Uh, I don't understand why "each RAM access by the VM triggers a page
fault". Can you show us the patch you used?
> I think we're back at estimating the speed of other approaches as
> discussed previously:
>
> - via UNIX socket as per existing patch
> - via xp parsing the human readable xp output
> - via an xp-like command the returns memory content baseXX-encoded
> into a json string
> - via shared memory as per existing code and patch
>
> Any other?
Yes, the existing alternative LibVMI method via gdbserver should be
included in the comparison.
Naturally, any approach that does the actual work via QMP will be dog
slow as long as LibVMI launches virsh for each QMP command. Fixable, as
Eric pointed out: use the libvirt API and link against libvirt.so
instead. No idea how much work that'll be.
^ permalink raw reply [flat|nested] 43+ messages in thread
* Re: [Qemu-devel] QEMU patch to allow VM introspection via libvmi
2015-10-27 15:00 ` Markus Armbruster
@ 2015-10-27 15:18 ` Valerio Aimale
2015-10-27 15:31 ` Valerio Aimale
2015-10-27 16:11 ` Markus Armbruster
0 siblings, 2 replies; 43+ messages in thread
From: Valerio Aimale @ 2015-10-27 15:18 UTC (permalink / raw)

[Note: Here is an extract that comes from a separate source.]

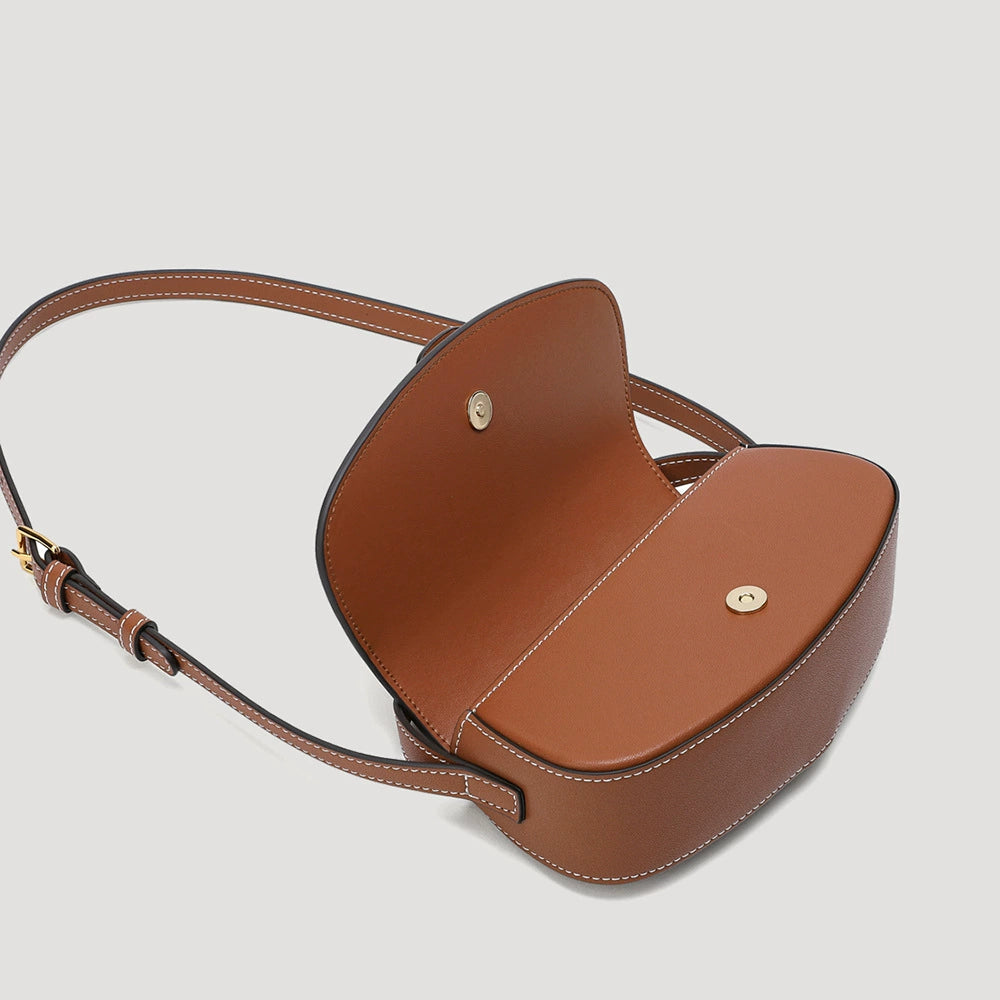 Tan Leather Saddle Bag with Gold Lock | Contrast Stitch Shoulder & Crossbody Handbag for Women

To: Markus Armbruster; +Cc: lcapitulino, Eduardo Habkost, qemu-devel
On 10/27/15 9:00 AM, Markus Armbruster wrote:
> Valerio Aimale <valerio@aimale.com> writes:
>
>> On 10/26/15 11:52 AM, Eduardo Habkost wrote:
>>>
>>> I was trying to advocate the use of a shared mmap'ed region. The sharing
>>> would be two-ways (RW for both) between the QEMU virtualizer and the libvmi
>>> process. I envision that there could be a QEMU command line argument, such
>>> as "--mmap-guest-memory <filename>" Understand that Eric feels strongly the
>>> libvmi client should own the file name - I have not forgotten that. When
>>> that command line argument is given, as part of the guest initialization,
>>> QEMU creates a file of size equal to the size of the guest memory containing
>>> all zeros, mmaps that file to the guest memory with PROT_READ|PROT_WRITE
>>> and MAP_FILE|MAP_SHARED, then starts the guest.

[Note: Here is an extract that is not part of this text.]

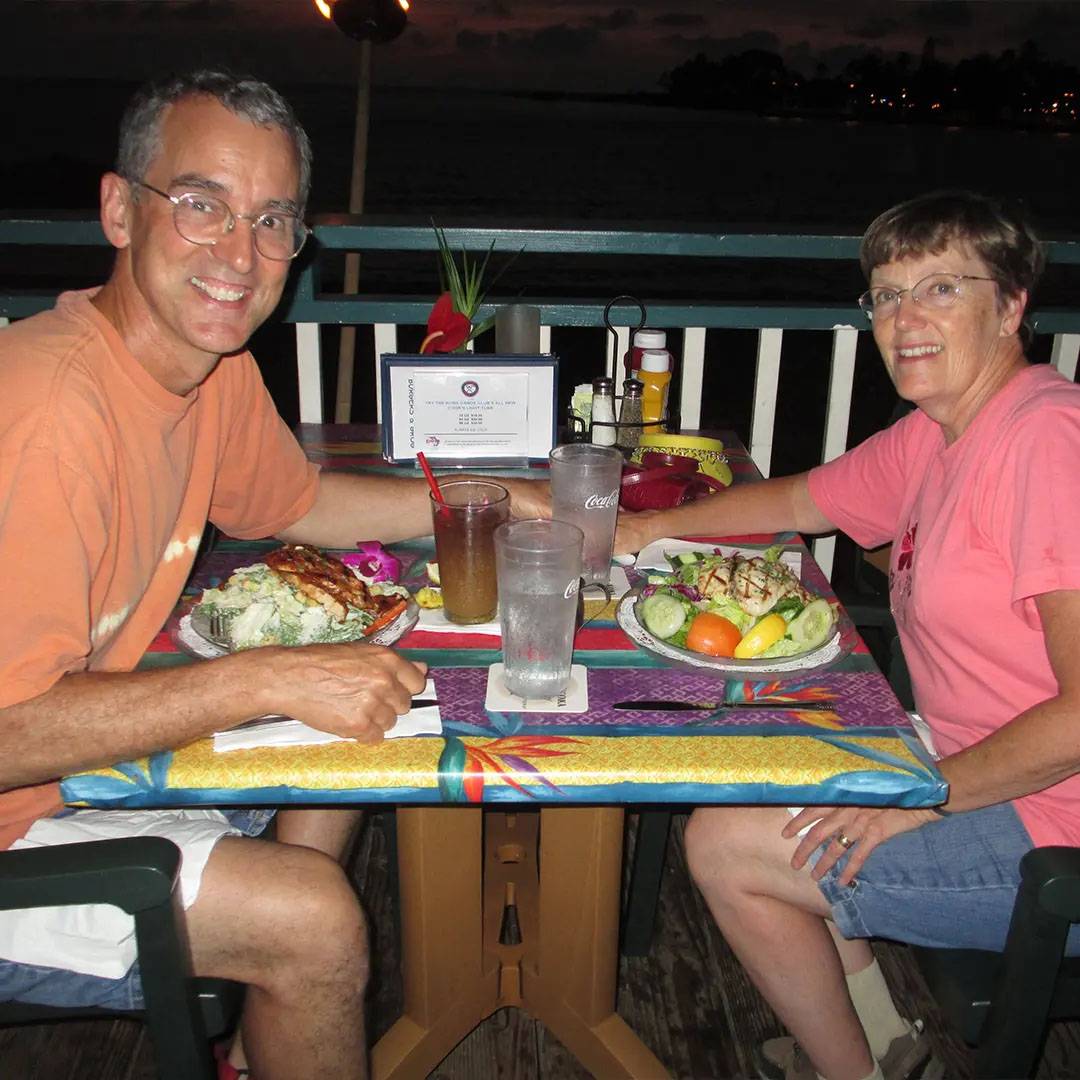 Photo of couple smiling while eating dinner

>>> This is basically what memory-backend-file (and the legacy -mem-path
>>> option) already does today, but it unlinks the file just after opening
>>> it. We can change it to accept a full filename and/or an option to make
>>> it not unlink the file after opening it.
>>>
>>> I don't remember if memory-backend-file is usable without -numa, but we
>>> could make it possible somehow.
>> Eduardo, I did try this approach. It takes 2 line changes in exec.c:
>> comment the unlink out, and making sure MAP_SHARED is used when
>> -mem-path and -mem-prealloc are given. It works beautifully, and
>> libvmi accesses are fast. However, the VM is slowed down to a crawl,
>> obviously, because each RAM access by the VM triggers a page fault on
>> the mmapped file. I don't think having a crawling VM is desirable, so
>> this approach goes out the door.
> Uh, I don't understand why "each RAM access by the VM triggers a page
> fault". Can you show us the patch you used?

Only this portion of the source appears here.